Outreach 2025

Sharing what we've learned
Maggie Wagner, associate scientist/associate professor, greets a young visitor at the Rocks and Rockets event in Colby, Kansas.Our research center provides significant outreach to the local community, the state of Kansas and beyond. In 2025, our researchers and staff led nearly 150 unique outreach activities, including programs that involved multiple days or site visits. They also hosted booths at three key Kansas events, including the State Fair in Hutchinson, and at other area events.
Outreach activities include community programs, field trips, educational activities, guest lectures, teaching assistance and nonacademic presentation, as well as activities through local, regional, state and national groups and institutions.
We welcome visitors come to the KU Field Station public trails and the Native Medicinal Plant Garden, which are open dawn to dusk every day throughout the year. We also hold annual public tours at the garden and at the KU Field Station’s Baldwin Woods Forest Preserve.

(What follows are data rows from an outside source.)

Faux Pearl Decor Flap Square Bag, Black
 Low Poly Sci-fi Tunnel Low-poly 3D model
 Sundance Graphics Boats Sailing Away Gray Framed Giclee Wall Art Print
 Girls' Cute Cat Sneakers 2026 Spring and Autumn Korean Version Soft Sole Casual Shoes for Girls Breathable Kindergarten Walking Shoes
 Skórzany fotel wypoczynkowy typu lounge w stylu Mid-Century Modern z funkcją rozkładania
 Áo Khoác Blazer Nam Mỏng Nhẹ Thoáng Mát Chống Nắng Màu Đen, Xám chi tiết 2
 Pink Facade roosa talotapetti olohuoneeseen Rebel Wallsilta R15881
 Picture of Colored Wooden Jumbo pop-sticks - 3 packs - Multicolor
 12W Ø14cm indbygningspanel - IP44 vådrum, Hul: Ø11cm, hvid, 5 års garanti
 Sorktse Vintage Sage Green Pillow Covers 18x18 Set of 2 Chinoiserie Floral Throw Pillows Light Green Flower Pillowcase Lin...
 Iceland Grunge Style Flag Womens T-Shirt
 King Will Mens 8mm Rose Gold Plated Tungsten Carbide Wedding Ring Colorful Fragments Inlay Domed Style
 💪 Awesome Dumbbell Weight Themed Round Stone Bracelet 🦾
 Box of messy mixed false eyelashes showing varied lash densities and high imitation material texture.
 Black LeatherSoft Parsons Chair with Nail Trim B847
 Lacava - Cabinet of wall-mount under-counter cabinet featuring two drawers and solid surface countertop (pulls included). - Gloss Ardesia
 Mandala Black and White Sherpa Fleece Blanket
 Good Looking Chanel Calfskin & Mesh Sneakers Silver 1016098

These activities reached a minimum of 5,600 people through direct contact or presence at focused.
Examples of our 2025 outreach activities include:
- hosting the Ecosystems of Kansas Summer Institute, a three-day research-based training for secondary school science teachers, held at the KU Field Station;
- organizing and hosting the 2025 Annual Grassland Restoration Network, a two-day event that drew more than 75 restoration practitioners from across the U.S.;
- hosting a workshop on culturally significant plants at KU and the Ioway Reservation, White Cloud, Kan., funded through a U.S. Forest Service grant;
- hosting booths at the Governor’s Water Conference and the Kansas Natural Resources Conferences, and giving several presentations at each;
- organized a workshop on freshwater mussel identification at Baker Wetlands Discovery Center for state and federal agency scientists and students;
- guest lectures on high-resolution AI crop yield forecasts, use of microbes in land restoration, bird ecology and other topics;
- KU Field Station Science Sundays talks on prairie chickens, woodrats, prairie restoration and other topics;
- created and distribution of a highly detailed map of the Kansas River watershed.
In addition, Monarch Watch, an internationally renowned program administered through our research center, conducts extensive continentwide outreach through its monarch tagging and Monarch Waystation programs. It also hosts local events and participates in a wide variety of outreach events. These activities are not counted in the numbers reported here.